One of the shoe stores was advertising $100 sandals on for $30...now, I'm not usually one to fall for the "mark-it-up-so-we-can-mark-it-down" trick, but I am hard on footwear, as I have related here. This would be my second pair of sandals this summer; Eva has been texting me today, telling me she's put some extra money in my account specifically for me to get a pair to replace the one I'd busted.   One hundred dollars worth of sandal would probably suffice. And for thirty bucks...well, I had to look.

I take somewhere between a 10 and an 11. These things were only available in sizes 12 and 13. Figures. Damnit.

Off to Craig's. He's one of the last of my closest friends to meet Kathy. Craig has actually done several shows with Kathy's niece, and had friended her on Facebook.
Short but sweet visit. After a stop at Walmart, because apparently I am a glutton for punishment, we picked Jade and Darien up. They'd done well for themselves: their team had won movie passes AND a free round of laser tag. We headed home to more spaghetti and a horror movie called Life, a kind of Gravity meets Alien.

Not bad, although not on anything like the level of Gravity or Alien. Some very creepy moments. Very predictable ending, even if the path there was confusing at times. I'll certainly never hear the name 'Calvin' the same way again.

Sunday: the highlight of the weekend, in more ways than the obvious..Niagara Falls.

Kathy thinks that she is a bad driver. She's not.

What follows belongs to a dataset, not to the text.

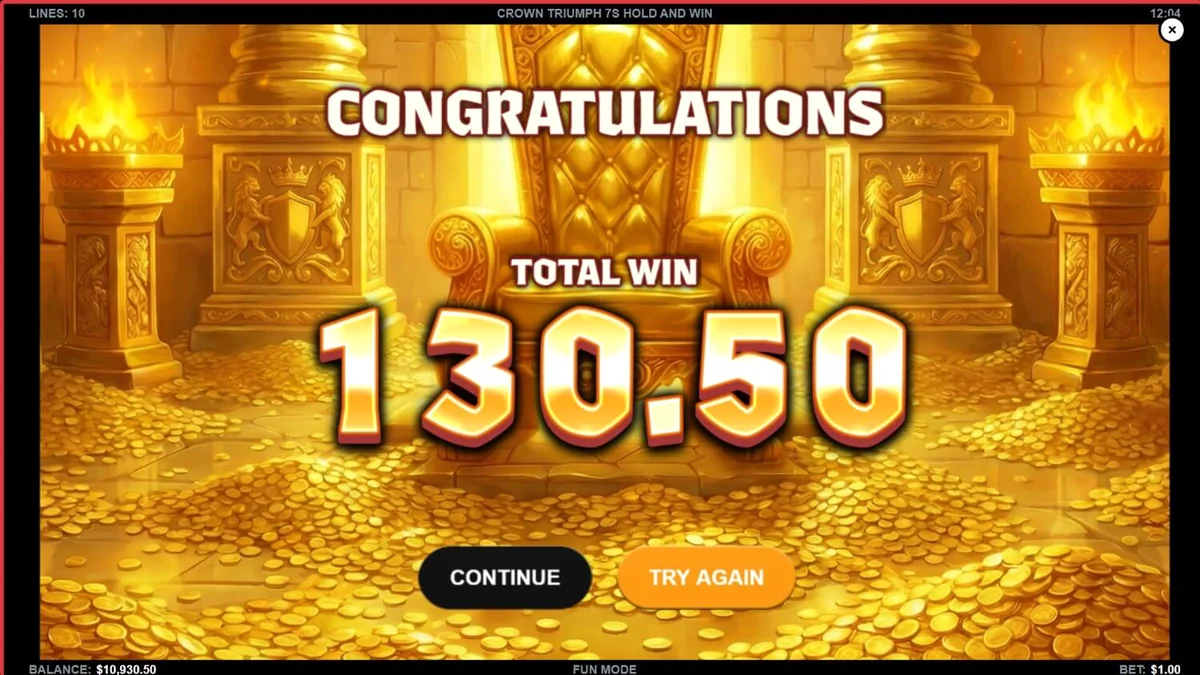 Interface luxuosa do slot Crown Triumph 7s Hold and Win com símbolos de frutas douradas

I mean, let's not spew bullshit here. She's not on the level of someone who drives for a living. But neither is she anywhere near Canada's Worst Driver material. (That'd be me if someone would ignore all the protocols and give me a license.) Like most of the drivers on the road, she is...average.

One of the perfectly understandable things that has held her back is a fear of urban driving. My weak protests that she handles London with aplomb (and London is horrific for traffic) are brushed aside. By urban she means Toronto--the 401/427/Gardiner/DVP, and the areas they surround and are surrounded by. No shame in that: many people are scared of doing 130 km/hr with ten feet of space between cars, you know? And Toronto downtown is daunting, especially when you've hardly been there.

Oh, and she's also afraid of places like Niagara Falls--which is officially twice the size of Woodstock and barely a fifth the size of London, but unofficially...let's just say I can't blame her there, either. Forget how many people live there...because eight MILLION people visit each year and most of them drive. I can't find traffic figures for the tourist district, but I'd wager Clifton Hill, Lundy's Lane, and the Niagara Parkway easily hold their own with the busiest thoroughfares in Toronto and most anywhere else in this country.

So she was nervous about the drive. But she had two tools at her disposal:Gertie and Ken. (Yeah, I'm a tool, what's it to you?) Gertie is what she's dubbed the voice of Google's navigation software, and Kathy's not above telling Gertie where to go if she doesn't like where Gertie's telling her to go. Kathy navigates by landmark, and like most of us she derives comfort from familiarity. She'd BEEN to Niagara before, many times, which made the drive there easier than it would have been. I'd like to think I made it easier still: I definitely have a calming and grounding influence on her. Between the three of us, Gertie, Ken, and Kathy, we arrive the Falls without a hitch around noon and Kathy easily finds the parking lot she remembers from previous trips. The last of her nerves dissipates like so much Falls mist.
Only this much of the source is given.